Private Members’ Business

Forgotten Australians

7:53 pm

Photo of Julie OwensJulie Owens (Parramatta, Australian Labor Party) Share this | Hansard source

I rise today to recognise and acknowledge the pain and suffering inflicted upon more than 500,000 forgotten Australians in institutional care over the past century. I also rise to offer my support for a formal apology to the forgotten Australians, which the Minister for Families and Communities, Jennifer Macklin, has indicated will occur before the end of 2009. I know how welcome that apology would be to those women and girls who were incarcerated as girls in the Parramatta Girls Home in my electorate. For all those whose lives were diminished by government actions in these institutions an apology is long overdue.

The history of the forgotten Australians is particularly significant in the electorate of Parramatta, particularly for women. The historical precinct on the bank of the Parramatta River, which was home to the Parramatta Girls Home, is known as the Parramatta Female Factory Precinct and it has been a site of incarceration and institutionalisation of women from 1804 to the present day, which is over 200 years. It was the home of the Parramatta Girls Home last century but institutions of various types have been housed there, opened and closed, rebuilt, expanded or added to.
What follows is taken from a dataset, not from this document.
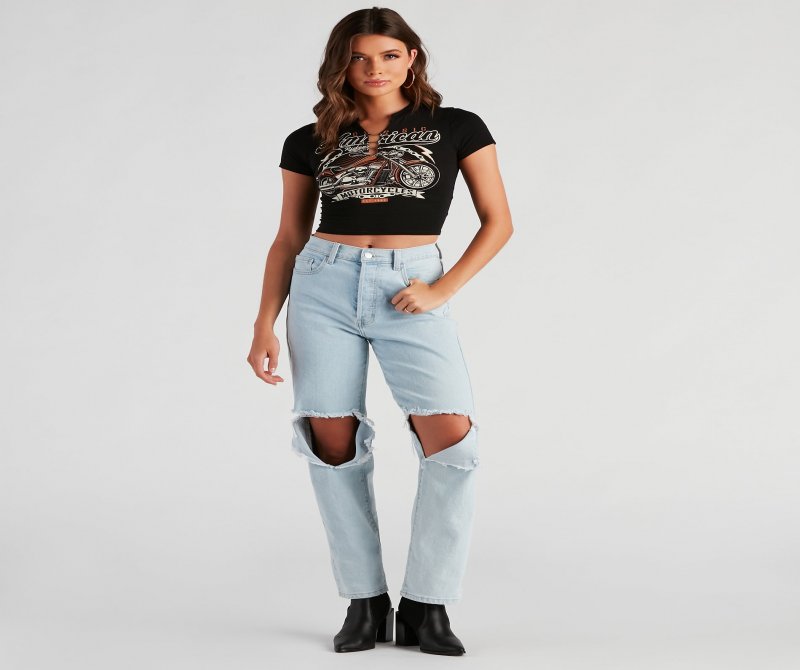 TableClothsUs Motorcycle Babe Graphic Crop Tee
It is undoubtedly one of Australia’s most significant historical sites yet, like the stories of the children imprisoned there, it remains largely neglected and unknown. It was home to the first female convict factory in Australia, later an institution known as the Industrial School for Girls, then the Girls Training School, then the infamous Parramatta Girls Home and its current use is as a prison for women. The female factory at Parramatta was originally built in 1804 and acted as a workhouse, jail and a holding area for newly arrived female convicts and their children. It was the first of the 12 convict factories built around Australia.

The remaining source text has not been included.